Oleh karena itu, Muhri mendukung rencana Kemendagri menyusun peraturan pemerintah (PP) untuk memberikan sanksi kepada pemerintah daerah baik eksekutif maupun legislatif perihal keterlambatan pengesahan APBD.
“Selama ini memang TAPD tidak konsisten dengan tahapan yang sudah dibuat oleh Kemendagri, makanya perlu ada PP yang mengatur sanksi,” ucapnya.
“Jika Sanksi itu menjadi pilihan terbaik dari pemerintah pusat, kita mau bilang apa? Walaupun menurut saya, sanksi pemotongan gaji tersebut tidak cerdas dan cenderung merugikan bagi kami di DPRD,” tambahnya.
Dia menyebutkan, yang perlu ditekankan oleh Kemendagri adalah soal konsistensi pemerintah daerah untuk mematuhi tahapan penyusunan dan pengesahan APBD. “TAPD Pemprovsu kan sudah didampingi tim supervisi dari KPK, jadi pihak Pemprovsu harusnya sudah bisa lebih nyaman dalam hal menyusun anggaran,” akunya.
Bahkan, kata dia, Pemprovsu sudah memiliki tim yang lengkap seperti adanya biro keuangan untuk urusan keuangan, serta bidang perencanaan ada Bappeda, untuk urusan asset ada biro perlengkapan dan asset, untuk urusan pendapatan ada dinas pendapatan, urusan BUMD ada biro perekmonomian. “Jadi kenapa harus terus terlambat?” katanya.
Sekdaprovsu, Hasban Ritonga selaku Ketua TAPD Sumut belum bisa dikonfirmasi perihal penolakan dokumen KUA-PPAS P-APBD 2016. Nomor ponselnya tidak dapat dihubungi, pesan singkat yang dilayangkan juga tidak berbalas.
Sebelumnya, Dirjen Keuangan Daerah Kementerian Dalam Negeri (Kemendagri) Reydonnyzard Moenek mengatakan, Pemda tidak bisa lagi berleha-leha dalam menetapkan rancangan APBD. Sebab, pemerintah pusat menyiapkan sanksi tegas bagi oknum eksekutif maupun legislatif daerah yang menghambat pengesahan.
Menurutnya, ketentuan tersebut akan diatur dalam Peraturan Pemerintah (PP) yang menjadi turunan UU 23 tahun 2014 tentang Pemerintahan Daerah (UU Pemda). Sebab pasal 321 ayat 2 UU Pemda mengharuskan sanksi bagi Pemda yang terlambat mengesahkan Perda APBD.

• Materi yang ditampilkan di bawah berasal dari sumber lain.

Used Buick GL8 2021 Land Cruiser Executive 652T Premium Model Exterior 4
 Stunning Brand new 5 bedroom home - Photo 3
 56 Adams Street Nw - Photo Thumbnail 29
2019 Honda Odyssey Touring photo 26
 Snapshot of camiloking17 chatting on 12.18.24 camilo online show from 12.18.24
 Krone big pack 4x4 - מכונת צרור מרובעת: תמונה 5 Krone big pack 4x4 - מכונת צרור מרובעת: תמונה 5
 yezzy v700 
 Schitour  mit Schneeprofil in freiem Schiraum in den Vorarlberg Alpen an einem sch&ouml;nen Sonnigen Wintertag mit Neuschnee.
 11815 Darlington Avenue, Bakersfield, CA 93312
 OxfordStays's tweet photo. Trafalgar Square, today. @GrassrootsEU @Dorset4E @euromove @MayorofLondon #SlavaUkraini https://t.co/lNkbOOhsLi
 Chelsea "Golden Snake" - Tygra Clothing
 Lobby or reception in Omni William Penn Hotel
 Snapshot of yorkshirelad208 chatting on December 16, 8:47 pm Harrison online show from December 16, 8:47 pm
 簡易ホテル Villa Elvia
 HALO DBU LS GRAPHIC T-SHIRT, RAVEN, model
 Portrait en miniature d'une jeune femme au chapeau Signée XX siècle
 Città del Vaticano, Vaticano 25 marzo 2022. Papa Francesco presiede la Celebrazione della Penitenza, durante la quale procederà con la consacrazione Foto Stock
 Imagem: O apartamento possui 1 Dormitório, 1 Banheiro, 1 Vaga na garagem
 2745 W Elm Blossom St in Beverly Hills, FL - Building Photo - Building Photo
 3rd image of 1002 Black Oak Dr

“PP sudah hampir rampung,” kata pria yang akrab disapa Doni tersebut.
Karena turunan dari UU Pemda, lanjutnya, sanksi yang akan diberikan juga akan disesuaikan dengan ketentuan yang ada di UU Pemda. Yakni sanksi administratif berupa tidak dibayarkannya gaji bagi kepala daerah dan anggota DPRD selama enam bulan lamanya.
Meski demikian, sanksi tersebut bisa jadi tidak dipukul secara merata antara eksekutif dan legislatif. DPRD bisa saja tidak dikenakan sanksi jika keterlambatan tersebut disebabkan oleh lambatnya kepala daerah dalam menyerahkan rancangan Perda APBD.
“Harus melalui mekanisme pemeriksaan terlebih dahulu, siapa yang mengalami keterlembatan. Tidak harus dipukul rata,” kata mantan Kepala Pusat Penerangan Kemendagri tersebut.
Jika mengacu UU Pemda, rancangan APBD harus ditetapkan sebulan sebelum dimulainya tahun anggaran baru. Jika diimplementasikan saat ini, Peraturan Daerah (Perda) APBD tahun 2017 harus disahkan selambat-lambatnya 31 November 2016. (dik/adz)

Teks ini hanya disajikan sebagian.